Tag für Tag erreichen Tausende Flüchtlinge Deutschland. Derzeit liegt der Fokus auf humanitärer Nothilfe, aber auch auf dem Arbeitsmarkt werden die Konsequenzen schon bald zu spüren sein. Denn die meisten, die kommen, werden bleiben und sich hier eine neue Existenz aufbauen. Das bedeutet einerseits ein riesiges Potenzial an neuen Arbeitskräften, die Deutschland voranbringen können. Daimler-Chef Dieter Zetsche spricht bereits von der "Grundlage für das nächste deutsche Wirtschaftswunder". Andererseits ist die Integration der Neuankömmlinge auch eine immense Herausforderung.
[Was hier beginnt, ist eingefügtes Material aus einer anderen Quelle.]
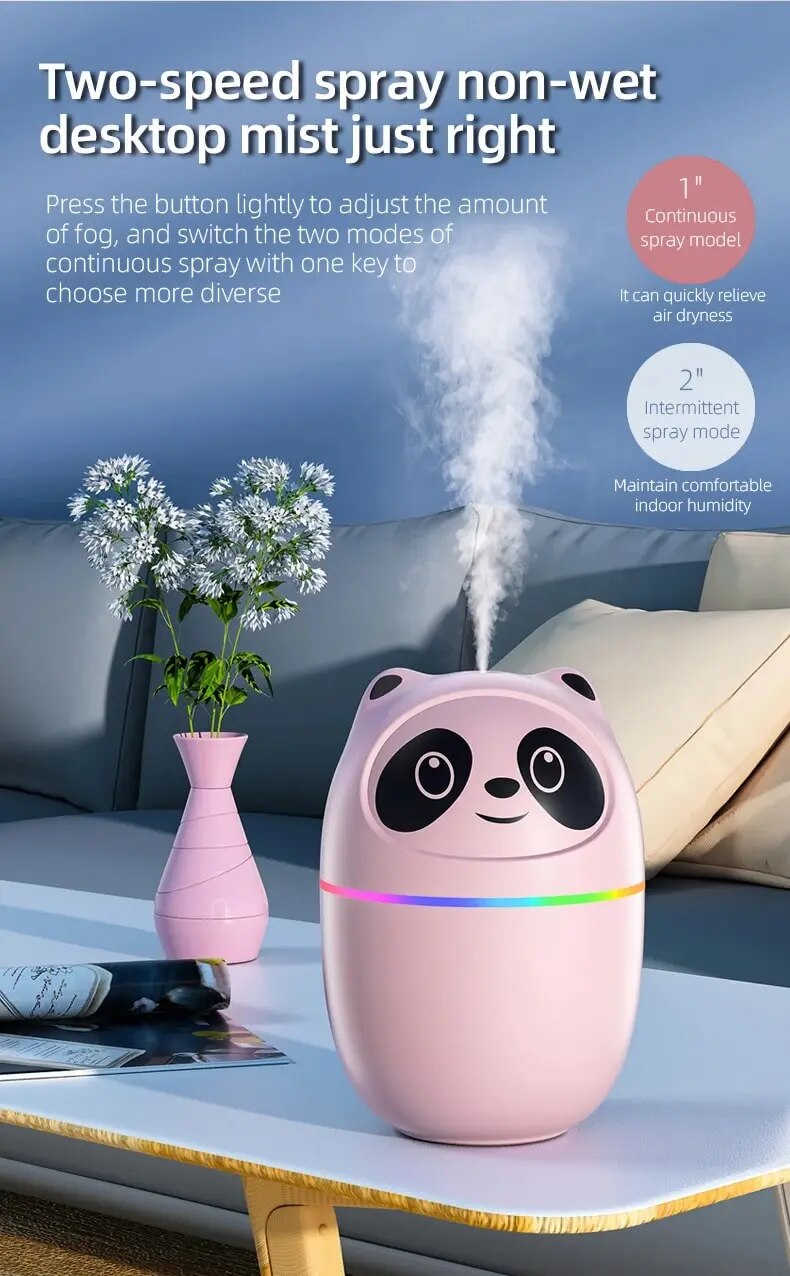 Umidificador de ar fofo gatinho e urso, Umidificadores Aromaterapia, Difusores,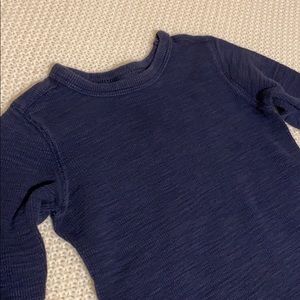 Gap navy thermal long sleeve shirt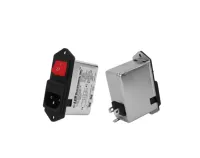 Astrodyne TDI 084M.01001.00-RSI, 250V 10A Screw Filter Unit Male On-Off 2 Fuse, Wire Leads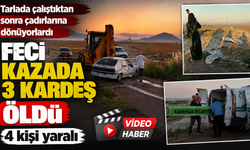 Yolda facia; 3 çocuk öldü, 4 yaralı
Nicht ganz so euphorisch bewertet dementsprechend Frank-Jürgen Weise, Chef der Bundesagentur für Arbeit, die Lage. "Die Ankunft von Hunderttausenden ist zunächst einmal eine Belastung für den Arbeitsmarkt", sagte Weise der "FAZ". Wenn die Zahl der Flüchtlinge so hoch bleibe wie derzeit, rechne er mit spürbar steigender Arbeitslosigkeit schon 2016. In diesem Jahr tauchen die meisten Neuankömmlinge noch nicht in der Statistik auf, weil sie erst einmal registriert werden und eine Arbeitserlaubnis erhalten müssen.

Flüchtlinge zu Fachkräften?

Viele deutsche Unternehmen suchen zwar händeringend nach Fachkräften. Viele Flüchtlinge sind allerdings nur gering qualifiziert. Die Arbeitsagentur schätzt, dass mehr als die Hälfte keine abgeschlossene Berufsausbildung haben. 15 bis 25 Prozent besitzen einen Hochschulabschluss. Alle Abschlüsse müssen zudem in Deutschland noch formal anerkannt werden. Ein weiteres Problem sind mangelnde Deutschkenntnisse. Laut BA-Chef Weise sprechen viele Ankömmlinge nur rudimentär Englisch oder Französisch. 

Um die Flüchtlinge auf dem Arbeitsmarkt integrieren zu können, sind laut Weise rund 3000 zusätzliche Mitarbeiter in den Agenturen und Jobcentern nötig. Der BA-Chef forderte zudem schnellere Aufnahmeverfahren. Langfristig seien die Asylbewerber für die deutsche Wirtschaft eine "große Bereicherung", sagte Weise der "FAZ". Mit ihrer Hilfe könne es gelingen, die negativen Folgen des demographischen Wandels abzufedern.